Sitting with a cold pack on biopsy site. You can see how upset my dog, Buddy, is. There are angels among us, I tell you.

Sitting with a cold pack on biopsy site. You can see how upset my dog, Buddy, is. There are angels among us, I tell you.

Only it didn’t. Missed it by an inch. The Area Of Interest is deep, so I get invited to do a stereotactic biopsy. This one’s like being in a weird sex film–I’m face down, utterly helpless, boob dangling though a hole with people I can’t see sticking needles in it. And my husband’s in the next room (ok, I chickened out and brought him this time). There’s nobody to hold my hand. The technologist presses on my back, but I get the feeling it’s more about keeping me still than for comfort. It’s embarrassing because because I can’t breathe when I’m on my stomach. I’m snuffling and snorting, trying to keep the table dry, and they think I’m losing it–which I mostly only do in private.

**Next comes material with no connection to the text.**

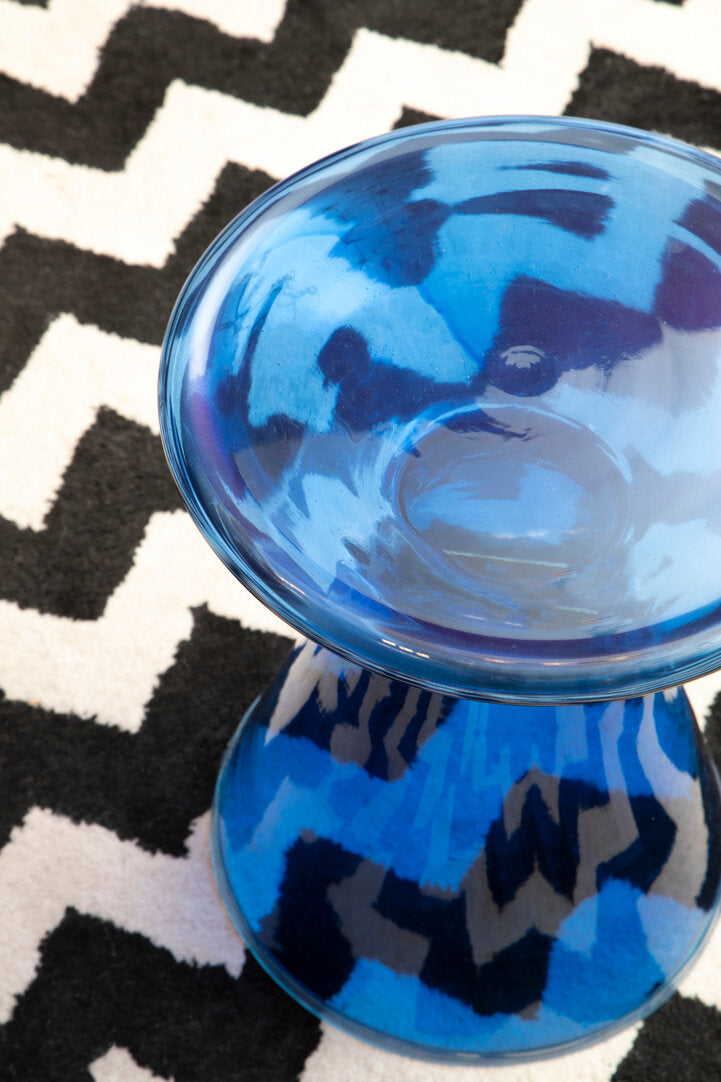 Blue Glass Martini Side Table on geometric rug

So this time the marker’s in the right place. I don’t notice if it’s shaped like a bow or a bunny or what, because I’m riveted to the screen. Dunno why we bother with mammograms when there’s this kind of imaging. It clearly shows a mass. Not the “density” they’ve been whispering about, but a real mass. The radiologist calls it “very concerning.” It has spiky edges. The crablike kind that gives cancer its name.

Nobody says cancer yet (and if they keep not saying cancer I’m gonna be really embarrassed about this meltdown), but they want me back for another stereotactic hoo-haw the day after tomorrow. This time to sample smaller bright spots around the big spot. Everybody’s being very kind, very attentive, very professional. And I’d sooner stick my head in a toilet than step through their doors again. But guess what? I’ll be there Thursday morning, bright and early. Leaving the bells at home.